I suppose it highlights with the patient that it’s not normal, they don’t have to just put up with it. So… because a lot of them they will say ‘ah, that’s just me age’ but I suppose it just says ‘it doesn’t have to be like that, there’s something you can do’.

(Practice 4, nurse)

But as well it made me think about some of the other things that I wouldn’t always think about. So opticians, for example, obvious things but it gave me a bit of a checklist almost of things to think about. Which has been really useful. And also, when we do home visits now, the preparation for the home visits is different […] it’s just kind of helped with doing the visits and having the information.

(Practice 1, nurse)

In some instances, the learning from the training has improved communication in the practice team and encouraged HCPs to take a more active overview of a patient’s care needs/trajectory.
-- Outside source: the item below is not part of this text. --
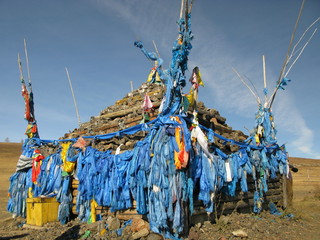 Mongolia - religion symbol of Mongolia (ovo)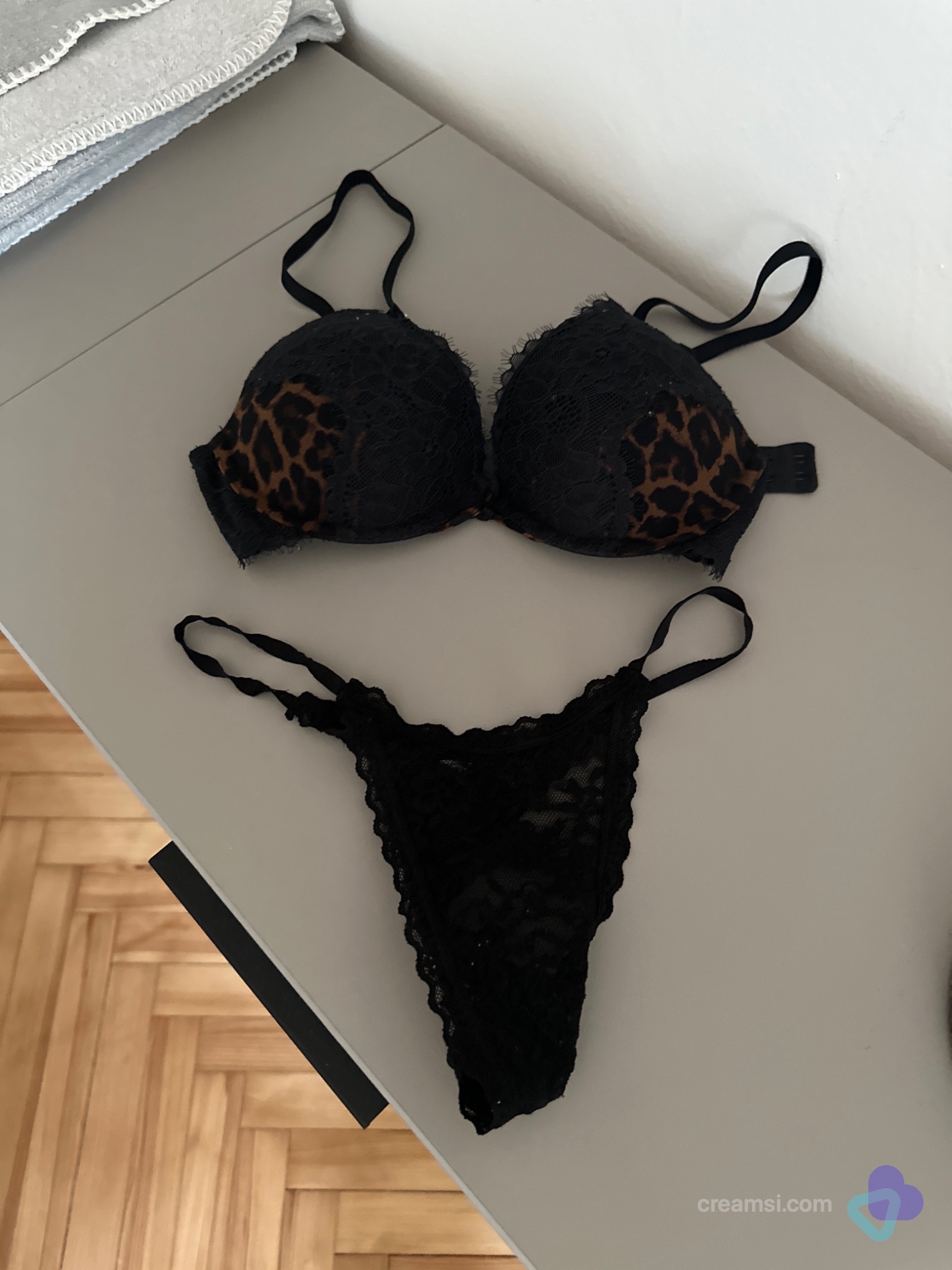 Leopard Lace Set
Frailty and falls, before doing the training, I wasn’t really sure what to do with it. And I think just being able to speak to people about that. But also […] just being able to speak to the GPs about maybe changing their meds slightly if they are on anti-hypertensives. But I suppose also talking to them about staying hydrated and things like that. So yeah, I guess that’s kind of where I’m at with all of it.

(Practice 2, nurse)

Integrating work processes/work with patients

Despite the learning gained, not all staff found it easy to adjust their workflow in a way that accommodated the intervention in accordance with the delivery process chart.

Practices who were newer to CSP reported finding it more difficult to keep sight of the intervention and to integrate it into their workflow.

“For me personally, because I’m dealing with everything else, it’s not the top of my priority list, and I’m sorry about that but you know […] there’s no reason it shouldn’t be, but it’s just because I’m not used to it, you know what I mean, it’s something quite new.

(Practice 8, HCA)

In the practices where CSP was less established it might have been considered an unnecessary burden or that there was simply not enough time during the appointment to fit all the required elements in.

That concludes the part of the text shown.